Wednesday, June 9, 2010

SCARFACE



NOT THAT THIS IS GOING TO COME TO A HUGE SURPRISE FOR ANY OF YOU THAT KNOW ME, BUT I HAVE THE BIGGEST CRUSH ON TONY MONTANA--NOTHING IS SEXIER TO ME THEN AL PACINO IN SCARFACE-including his accent-I'M PRETTY SURE I'VE DATED HIM A FEW TIMES- IN RETROSPECT I THINK I SHOULD PROBABLY MOVE TO FLORIDA. THERE'S A HUGE ABUNDANCE OF BROWN MEN DOWN THERE- WHAT A BEAUTIFUL PLAYGROUND THAT WOULD BE--AND THE OPTIONS WOULD BE ENDLESS, UNLIKE HERE.....................OBVIOUSLY, FINDING AND KEEPING THEM HERE IS IMPOSSIBLE!
IN SAYING THAT I PUT TOGETHER SOME OF MY FAVORITE QUOTES, PICTURES FROM THE MOVIE AND THE MOVIE TRAILER ABOVE




SCARFACE


"I always tell the troof, even when i lie"

Tony Montana: What you lookin' at? You all a bunch of fuckin' assholes. You know why? You don't have the guts to be what you wanna be? You need people like me. You need people like me so you can point your fuckin' fingers and say, "That's the bad guy." So... what that make you? Good? You're not good. You just know how to hide, how to lie.

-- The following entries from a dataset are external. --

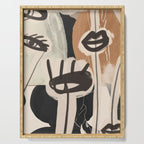 Modern Abstract Art Face 24 Serving Tray Gallery Image 1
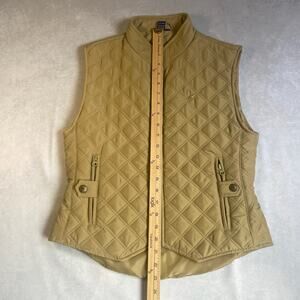 PRESTIGE RIDING IMAGE PRI Womens Medium Beige Brown Equestrian Vest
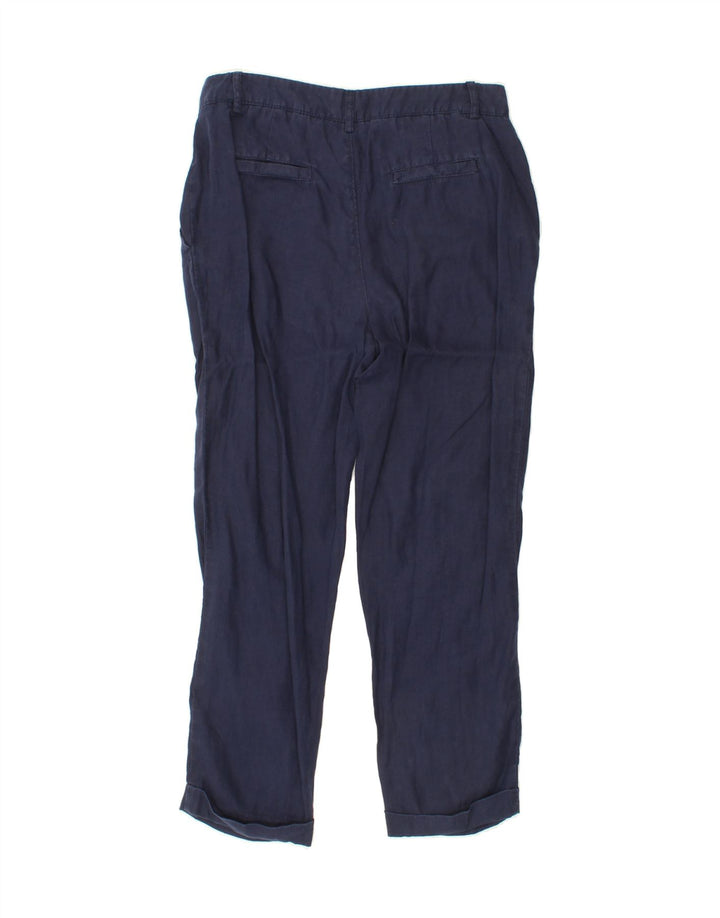 BENETTON Womens Pegged Chino Trousers W30 L25  Navy Blue Vintage Benetton and Second-Hand Benetton from Messina Hembry 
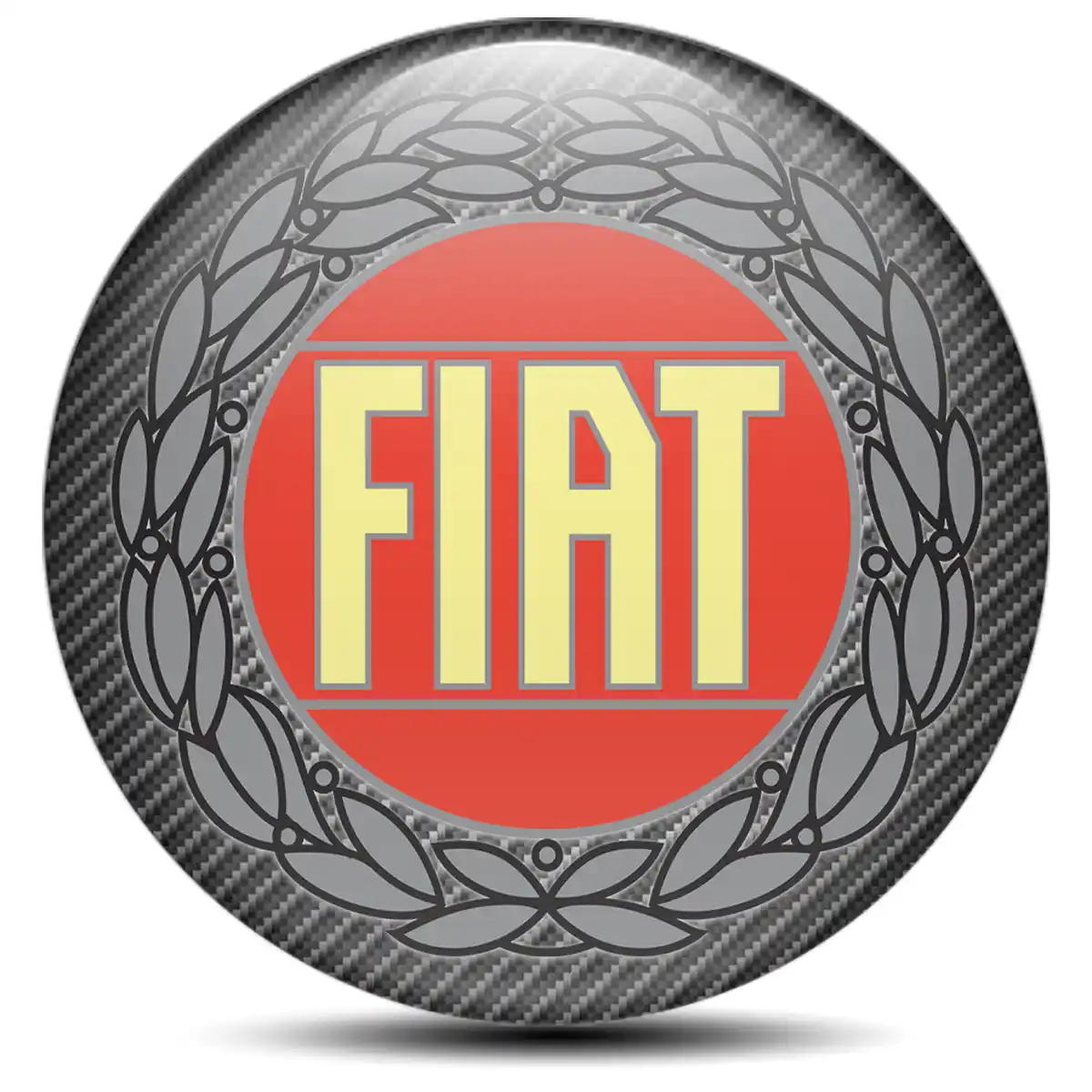 Fiat Emblem Epoxy Self-Adhesive Premium Edition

Me, I don't have that problem. Me, I always tell the truth. Even when I lie. So say good night to the bad guy! Come on. The last time you gonna see a bad guy like this again, let me tell you. Come on. Make way for the bad guy. There's a bad guy comin' through! Better get outta his way!

Tony Montana: You know what your problem is?
 Elvira Hancock: What's that? 
Tony Montana: You don't got nothing to do with your life. Why don't you get a job? Work with lepers. Blind kids. Anything's gotta be better than lying around all day waiting for me to fuck you. 
Elvira Hancock: Don't toot your horn, honey. You're not that good.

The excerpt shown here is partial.